**Task statement:** The expected response is the full listing, retyped exactly, without its images.

**Exercise data:**
____________

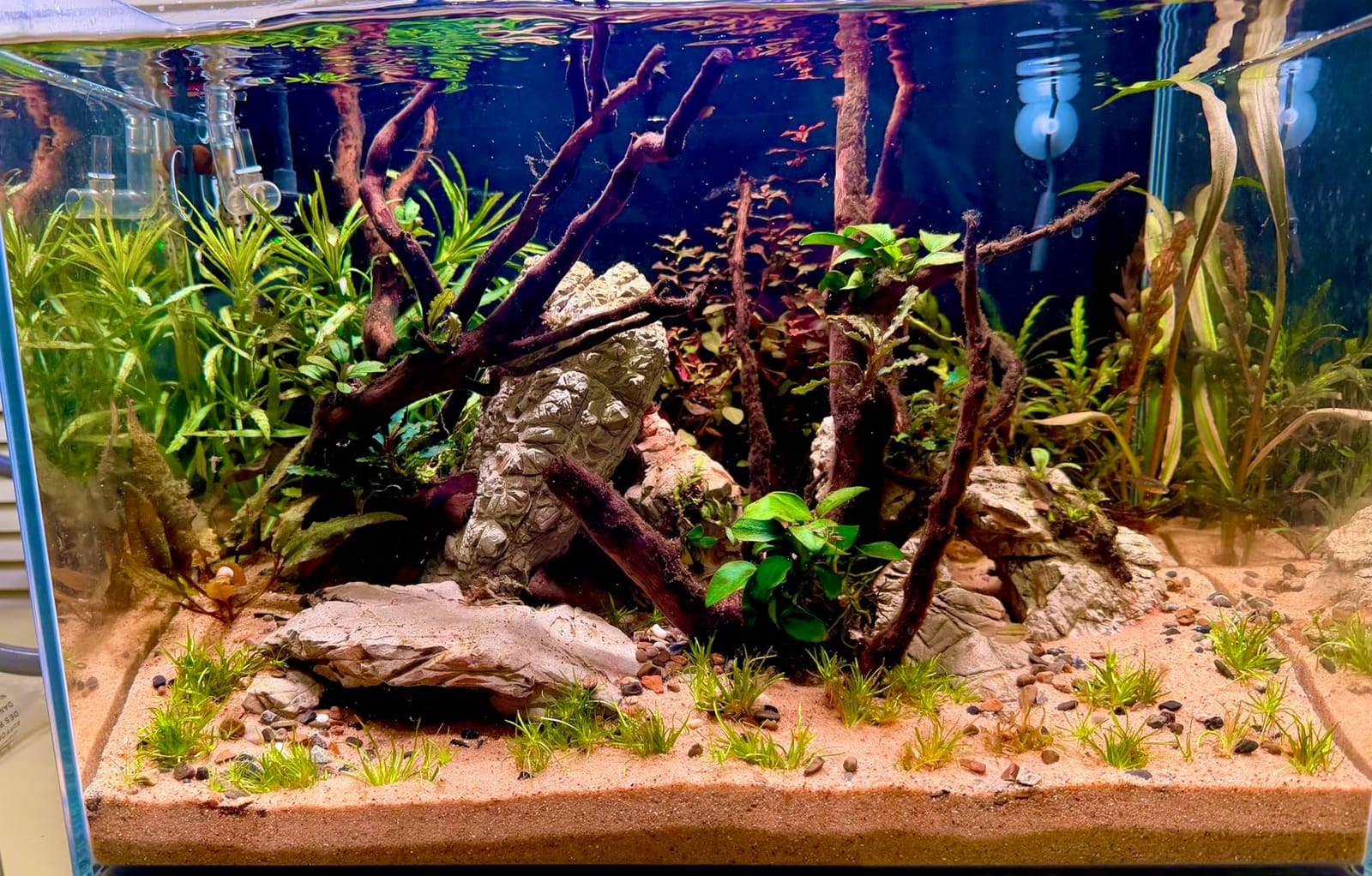 FZONE Solo Series Nano LED Aquarium Light, Full Spectrum and Dimmable, App-Controlled, for Freshwater and Planted Tanks customer photo 1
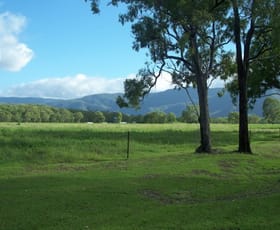 Rural / Farming commercial property sold at 133 East Mary Road Mount Carbine QLD 4871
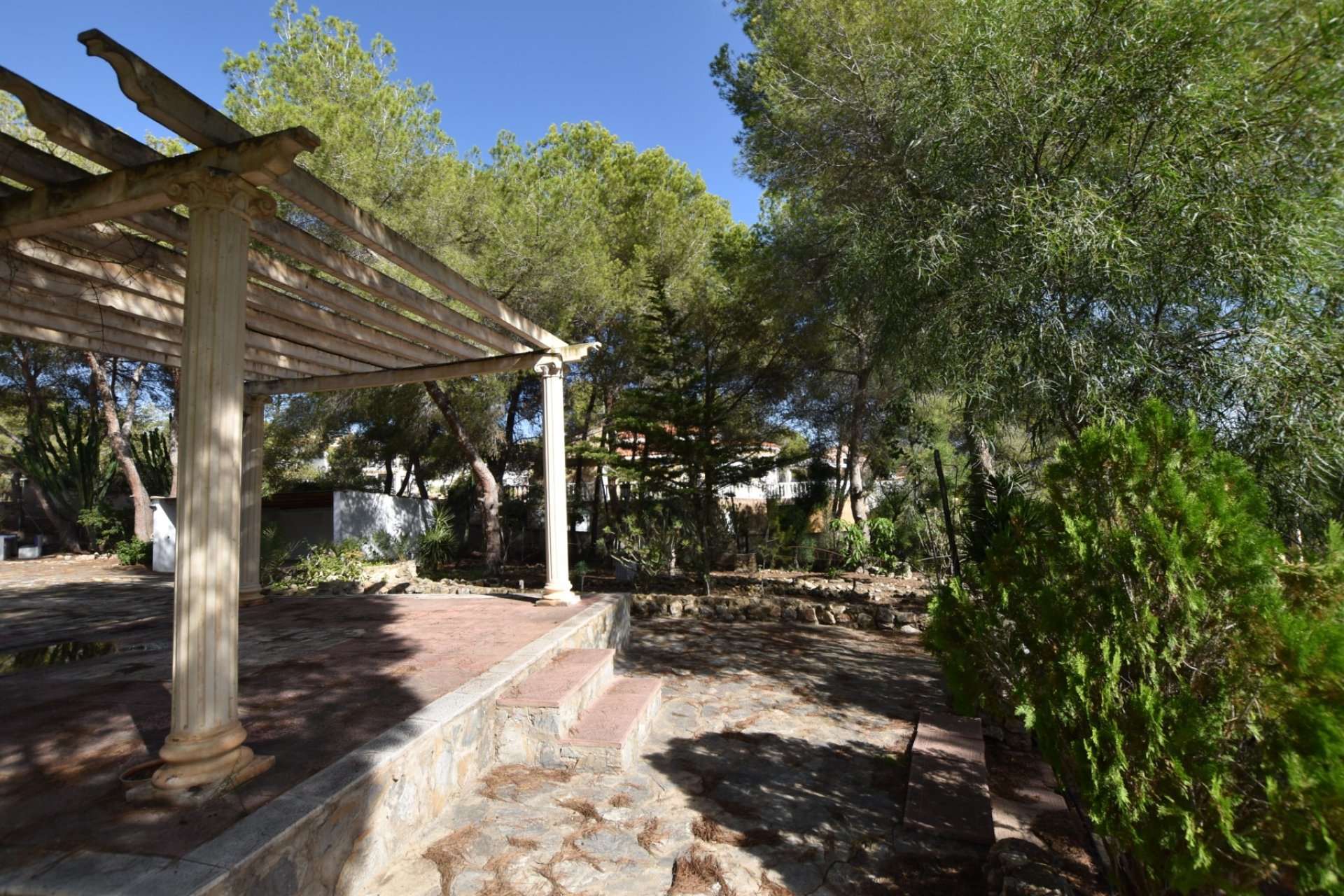 Venta - Finca / Country Property - Algorfa - Montemar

____________

**Worked solution:**
 FZONE Solo Series Nano LED Aquarium Light, Full Spectrum and Dimmable, App-Controlled, for Freshwater and Planted Tanks customer photo 1
 Rural / Farming commercial property sold at 133 East Mary Road Mount Carbine QLD 4871
 Venta - Finca / Country Property - Algorfa - Montemar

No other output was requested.